I don't count how many times I have mentioned that blogging is very crucial to me. It could take me somewhere far away from this world, like to my own world, and release another version of myself that I could never show unless I write. It's not only the writing process that is important, but also the whole steps that involved when I blog. The excitement on choosing and editing pictures to be uploaded. The thrilling sensation when listening to my favourite songs, putting my thoughts together and diving myself into every word until I forgot my surrounding. Also, oftentimes, I deliberately carried my camera and found things that interest me, only to share them here. All that process gave me happiness that I never felt from other things in my life - and by the way, to say I'm happy because of this blog would be an understatement, but I just couldn't find any other words. 

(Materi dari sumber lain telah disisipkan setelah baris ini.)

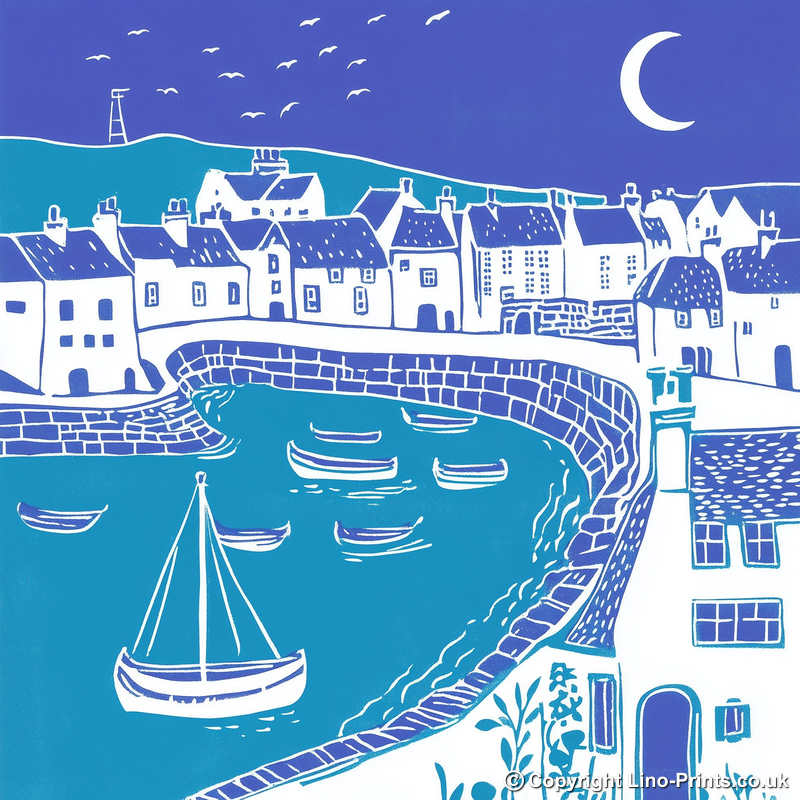 Mousehole Harbour, Cornwall Linoprint-Style Art (1096-1)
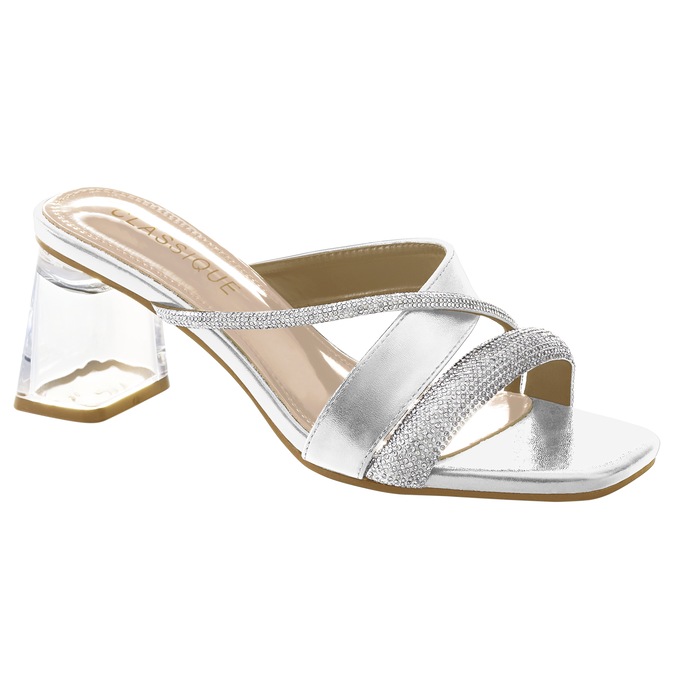Classique Glitter Rope Slide Sandal with Mini Rhinestones and Chunky 2.5" Heel, , large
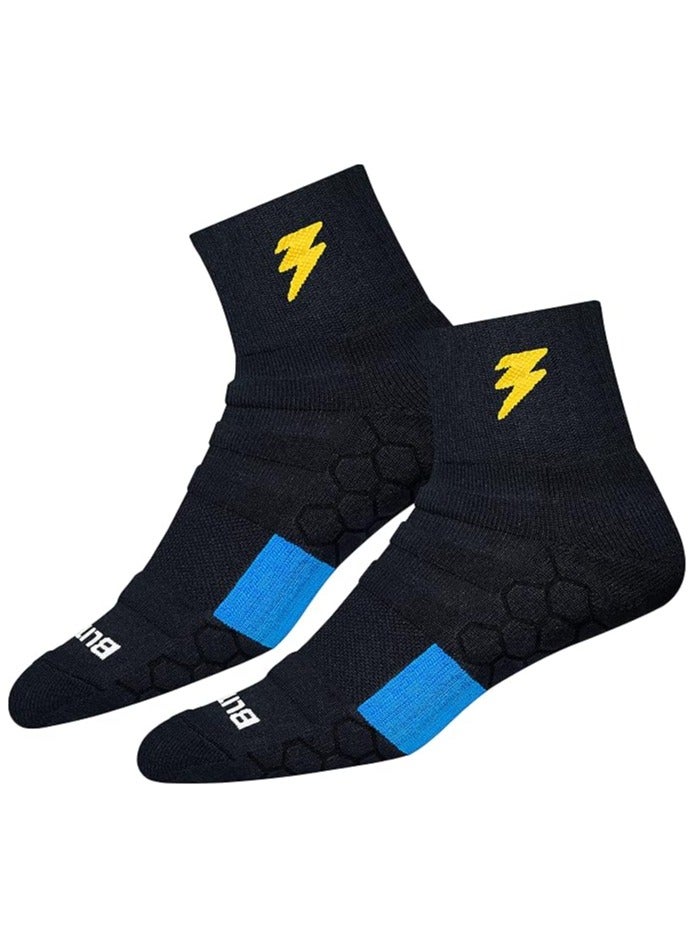 بليتزوكس جوارب BLITZSOX عالية الأداء رياضية بطول الكاحل للرجال والنساء (التنس، كرة الريشة، الجري، صالة الألعاب الرياضية)، حزمة من 3 (مقاس المملكة المتحدة 7-11، رمادي، أزرق مخضر، أسود) - Image 3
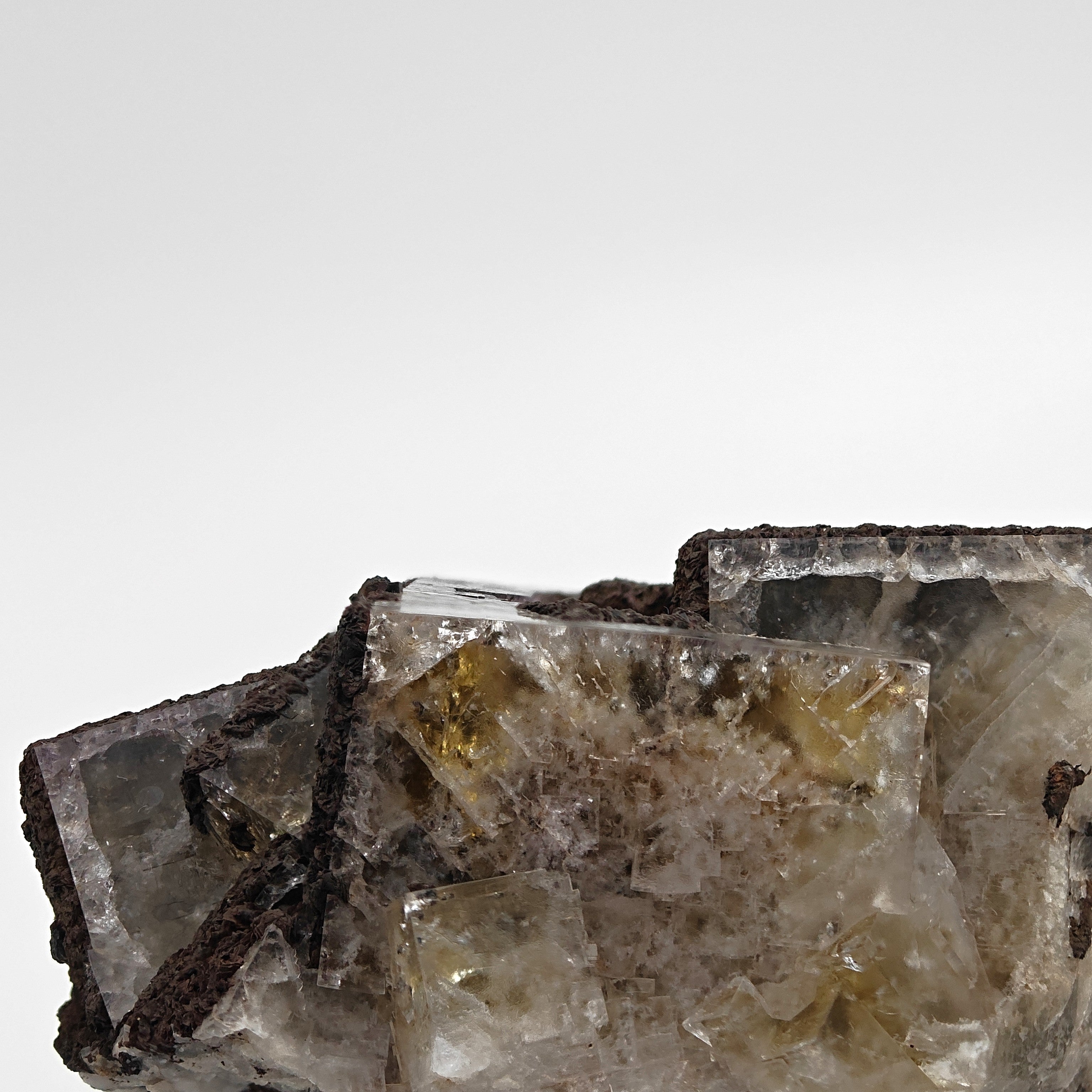 FLUORITE – Large Crossed Yellow & Violet Crystals, Greenlaws Mine, Weardale, UK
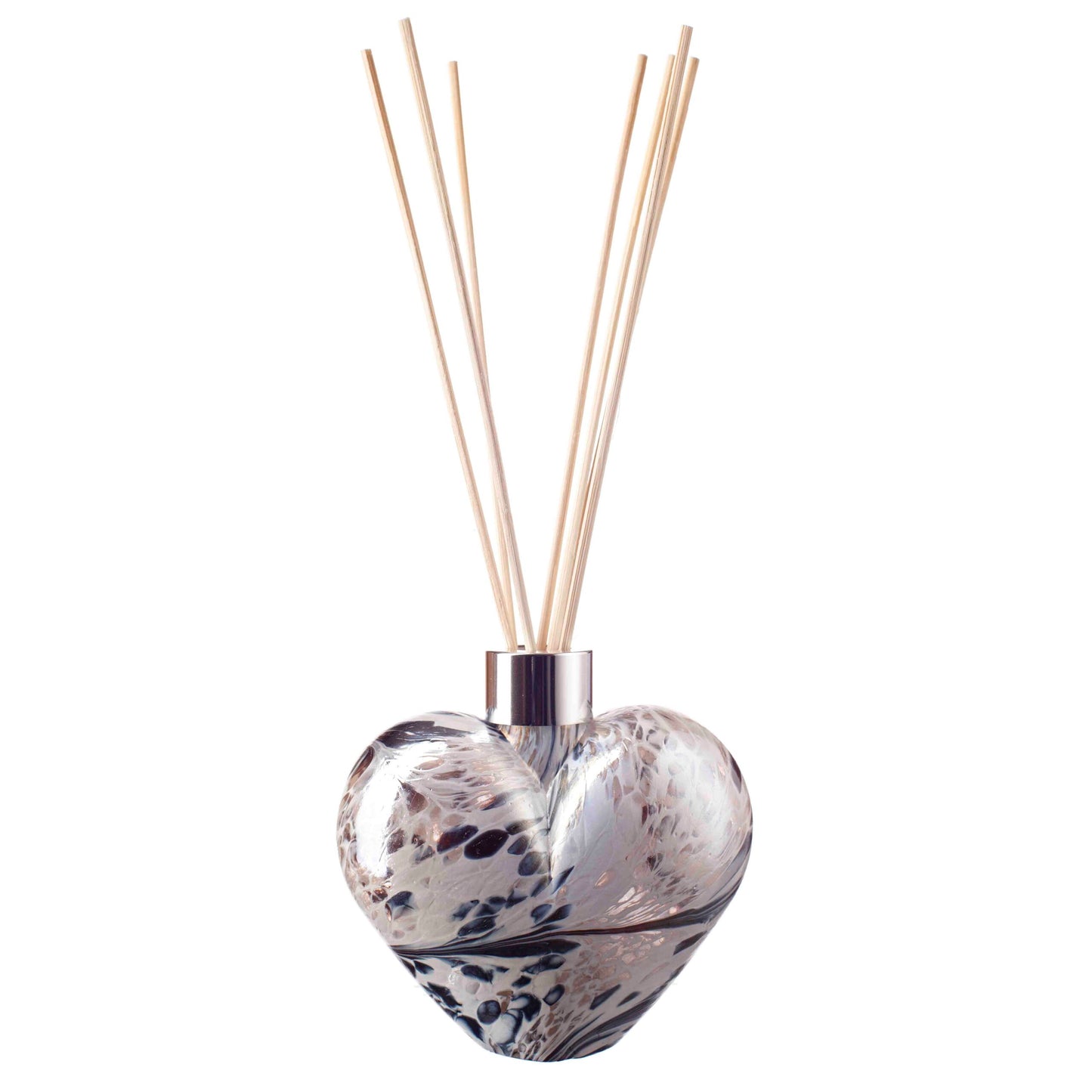 Glass Heart Reed Diffuser - White & Grey Frost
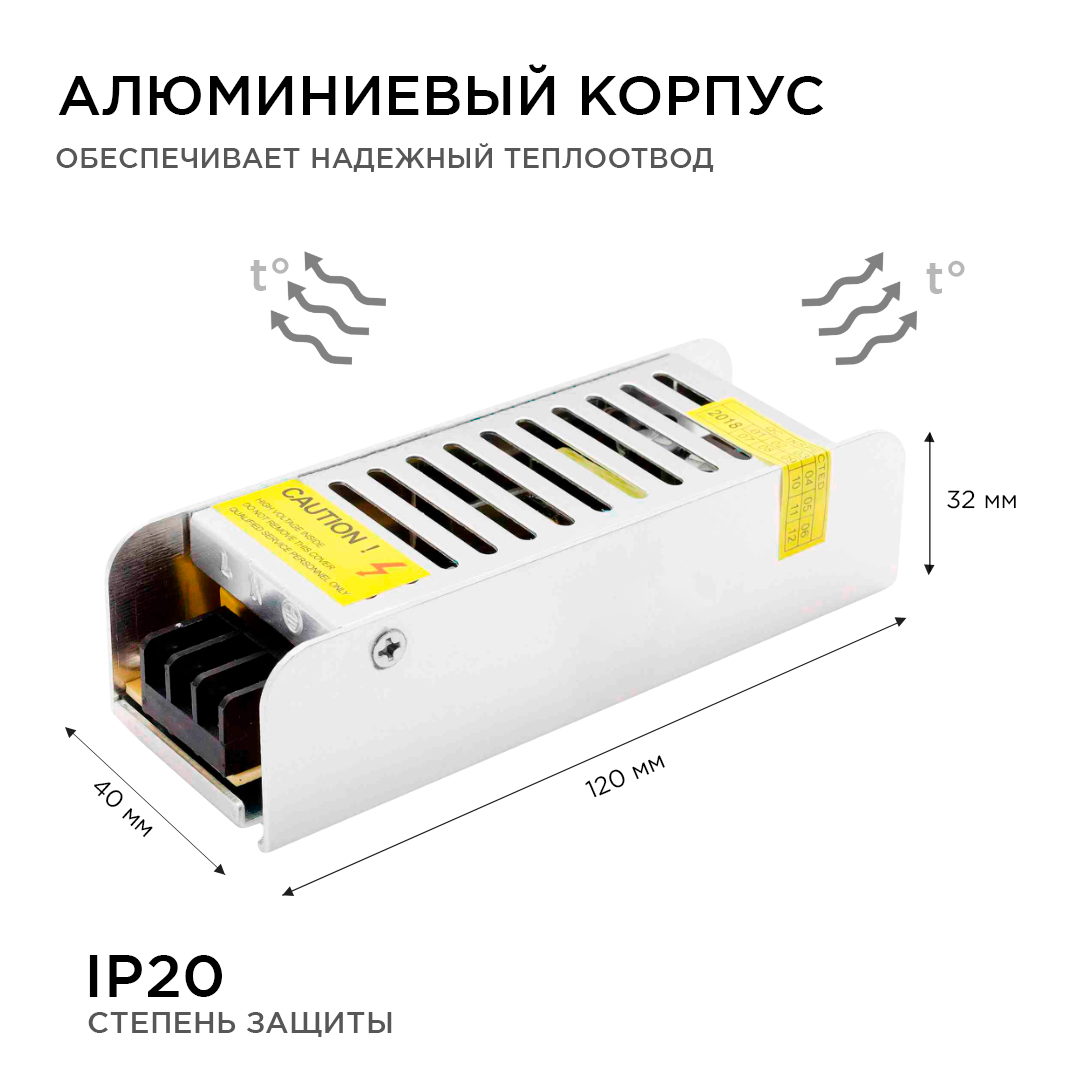 Блок питания Apeyron 20Вт DC12В 1.7А IP20 03-46/2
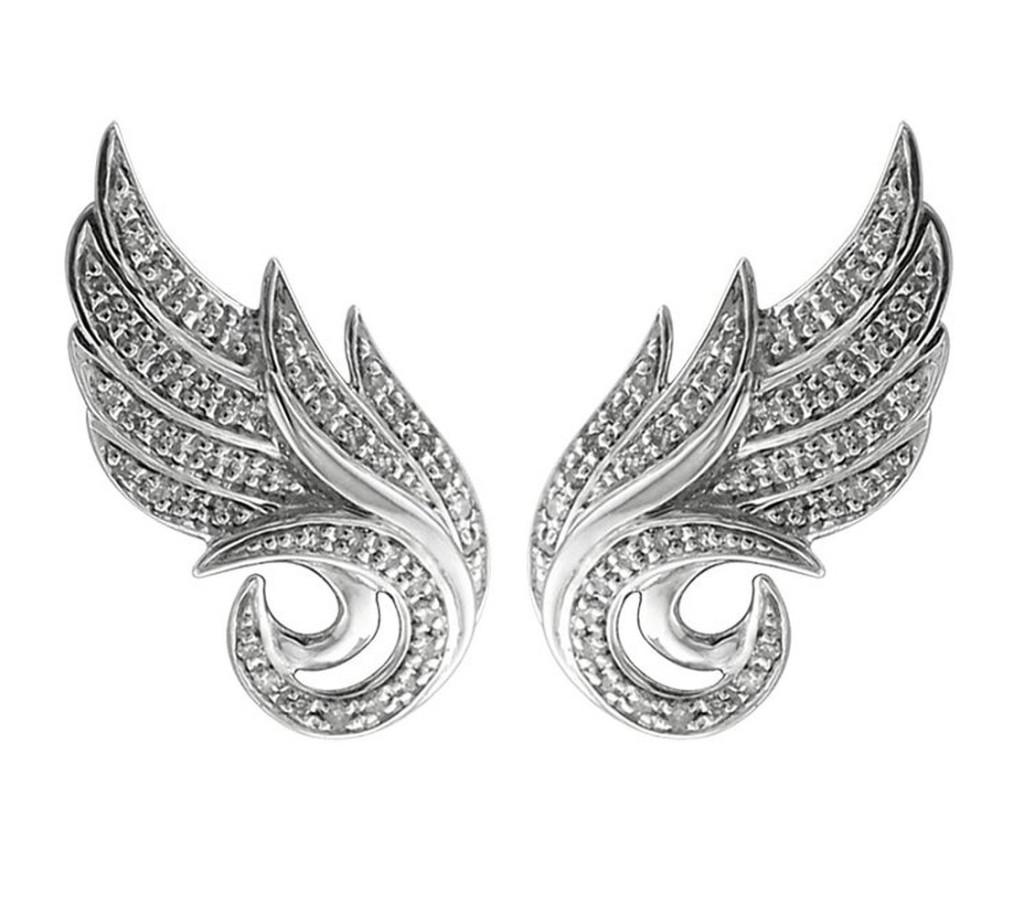 925 Sterling Silver Angel Feather White Diamond Earring - Visuall.co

So imagine one day, I found myself in the situation where no matter hard I try to put things back to how they were before, I always failed. Mulai dari coba menulis proses mengisi dan mendekor rumah serta foto beberapa sudut untuk dijadikan sebuah blog post, hingga bawa kamera ketika trip ke Yogya bulan lalu. Semua itu dilakukan dengan harapan bahwa saya bisa bersemangat lagi untuk menulis di blog. Tapi yaa ternyata enggak berhasil juga buat mengembalikan passion saya untuk melakukan hobi saya dulu. Sudah menulis beberapa postingan, tapi enggak terselesaikan. Kamera pun dibawa, tapi hanya beberapa kali dipakai. What is funnier is that I currently read some of my old blog posts and uttered a question that never appeared previously. "Was it me who write these posts?" cause it really does feel as if I was a completely different person back then. Mengalami perubahan seperti ini, rasanya sama seperti ketika kehilangan seseorang yang sangat dekat, bukan karena kematian atau betrayal atau hal lain yang sudah jelas membuat kita harus berpisah dengan mereka, but simply because things no longer work out, and so we just have to change. 



Sampai akhirnya suatu saat saya baca tulisan yang dishare oleh seorang teman, and it struck me that I had overlooked something fundamental all this time.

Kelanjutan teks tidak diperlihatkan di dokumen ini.